The cries of a cricket pro

Fred Root toiled his way through 23 years and yet got little in return

Gideon Haigh
Gideon Haigh
17-Jan-2006
Odd Men In - a title shamelessly borrowed from AA Thomson's fantastic book - concerns cricketers who have caught my attention over the years in different ways - personally, historically, technically, stylistically - and about whom I have never previously found a pretext to write


Fred Root toiled his way through 23 years and yet got little in return © The Cricketer International
One day at Worcester 80 years ago, when the home team were playing Glamorgan, the visitors' opening pair, Arnold Dyson and Eddie Bates, were involved in a mid-pitch collision that left both prostrate on the pitch as the ball was returned to bowler Fred Root.
Root paused, then generously chose not to break the non-striker's stumps: the batsmen seemed quite badly injured. "Break the wicket, Fred, break the wicket!" shouted a keen amateur teammate. Root was annoyed: "If you want to run him out, here's the ball; you come and do it." The amateur explained hastily: "Oh, I'm an amateur. I can't do such a thing."
Root, as he recalled it, was irked - as, in a 23-year career bowling inswing for Leicestershire, Derbyshire and Worcestershire, he often was by just such hypocrisies. English cricket between the wars is generally regarded as a period of prelapsarian innocence in which cricket was a game and everyone knew their place.

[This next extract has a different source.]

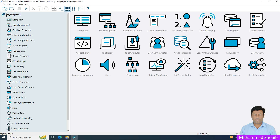Bismillah ar-Rahman ar-Rahim. My name is Muhammad Shweb. Today in this tutorial video we will learn how we can configure the color palette in WinCC SCADA.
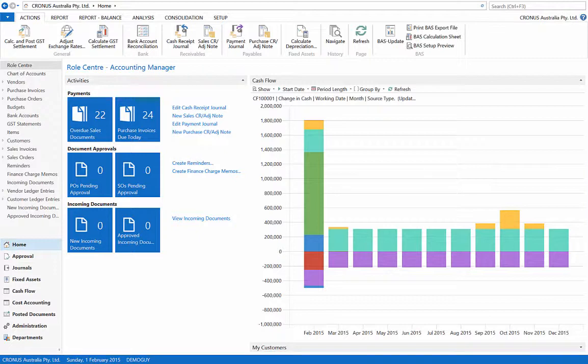In the accounting manager role, a number of GST related statements can be produced at the click of a button. If we select the BAS setup preview from the ribbon, we can see the different allocations for GST and taxes in our subledger.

Jack Williams writes in Cricket And England (1999): `Assumptions about cricket being an expression of English morality were not restricted to the inter-war period, but they were probably no stronger at any other time.' Root, with his earthy name, burly physique and open mien, looks like one of those cheerful toilers that were the backbone of the county-cricket economy. Except as his fascinating autobiography A Cricket Pro's Lot (1937) reveals, he wasn't.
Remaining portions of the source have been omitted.